Again, no evidence for this. It’s just made up science. So what’s the point?
As the researchers point out, a positive and consistent self-narrative can correlate with a positive self-image, and an improved quality of life, so perhaps subconsciously filling in the gap in memories from our earliest years can help provide that.
They seem to be saying that the brain is lying to you. Does that even make sense? Mechanistic science is all built around the fact that we are supposed to evolve better and more valuable systems for survival. Ha! They don’t even know their own tune, much less being able to sing it!
The totally unproven claim is that it’s not until we’re five or six that we form adult-like memories due to the way that the brain develops and due to our maturing understanding of the world.
This shameful paper was published in the journal Psychological Science.1
Non-Material Mind and Memory
I remarked above that mind and memory have been PROVEN not to originate in the brain. In fact, as I have reported a number of times, there are people walking around with no brain! Yet their mental capacity and memories remain entirely normal. No deficit in thinking or recall can be detected.

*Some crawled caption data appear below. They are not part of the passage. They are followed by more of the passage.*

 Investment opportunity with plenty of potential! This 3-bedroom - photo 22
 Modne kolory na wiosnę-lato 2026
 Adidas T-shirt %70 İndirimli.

Professor John Lorber (now retired) of Sheffield, England, had a series of hundreds of cases of individuals who had 2% or less of brain tissue, due to a condition called hydrocephalus (water pressure on the brain, crushing is against the skull insides). There was no detectable fall off in personality or memory. Some of these individuals had graduated college and nobody knew of their condition! One was even an accountant!2
We shouldn’t be at all surprised. In 1950 Karl Lashley (1890-1958) published a famous seminal paper called “In Search Of The Engram”. An engram is a physical memory trace in the cells. Lashley cut up rat brains, piece by piece, but no matter how much brain tissue he amputated, the rats lost none of their ability to remember a maze pathway.3
Lashley righty concluded (back in the days when science was science and not hokum) that memory is not a physical imprint in the cells. With 99% of brain tissue gone, memory was intact. Ergo: memory is not a function of the brain.

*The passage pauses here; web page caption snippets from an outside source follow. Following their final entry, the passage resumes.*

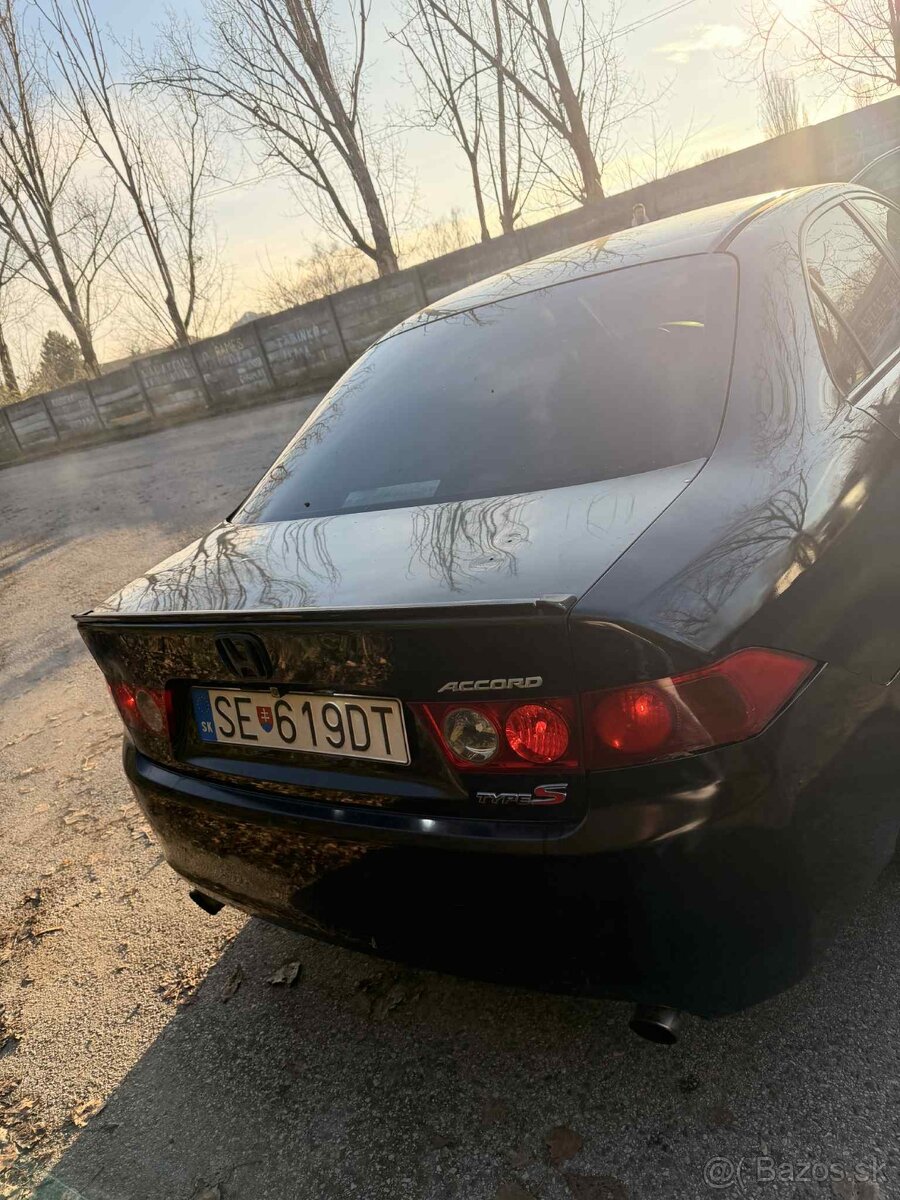 Predám Honda Accord 2.4 i-VTEC (140kW) - 2003 - 4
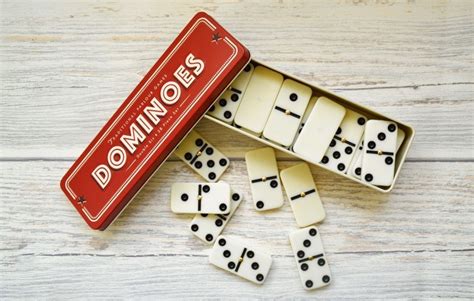 Play Dominoes Healthysilope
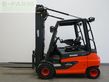 Elevadora - Linde - e 30 ion 387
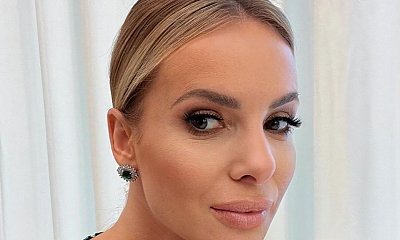 Izabela Janachowska w wannie zarzuca suknią ślubną. Fajny pomysł na sesję dla panny młodej?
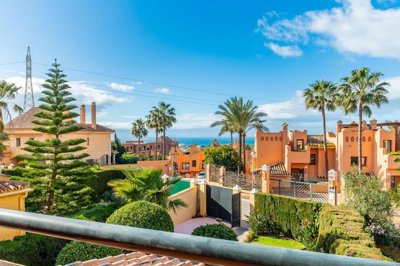 r5337877-destination-marbella-image-5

Today, his findings are twisted (falsely) into claims that Lashley “proved” that memory was widespread within the cortex.4 That’s just pseudo-science denial: he proved memory was still present EVEN WITHOUT A CORTEX. Not the same thing.
So what about the brain scans, EEGs and whizzbangs that are supposed to prove that thought is coming from the brain? Bits light up when we think certain thoughts. Well, my car dash shows changing lights when I press the accelerator. The digital speed print out increases. My sat nav will snarl and tell me I’m exceeding the speed limit. So does that prove that the car is deciding on its own to go faster?
Of course not; that’s laughable. The car does not think. It reacts. But it makes a folly of the stupid science that says the brain is the source of consciousness and memory because it changes when we think!
I know, I know! I should just calm down and relax; not good for the blood pressure. But grrrr!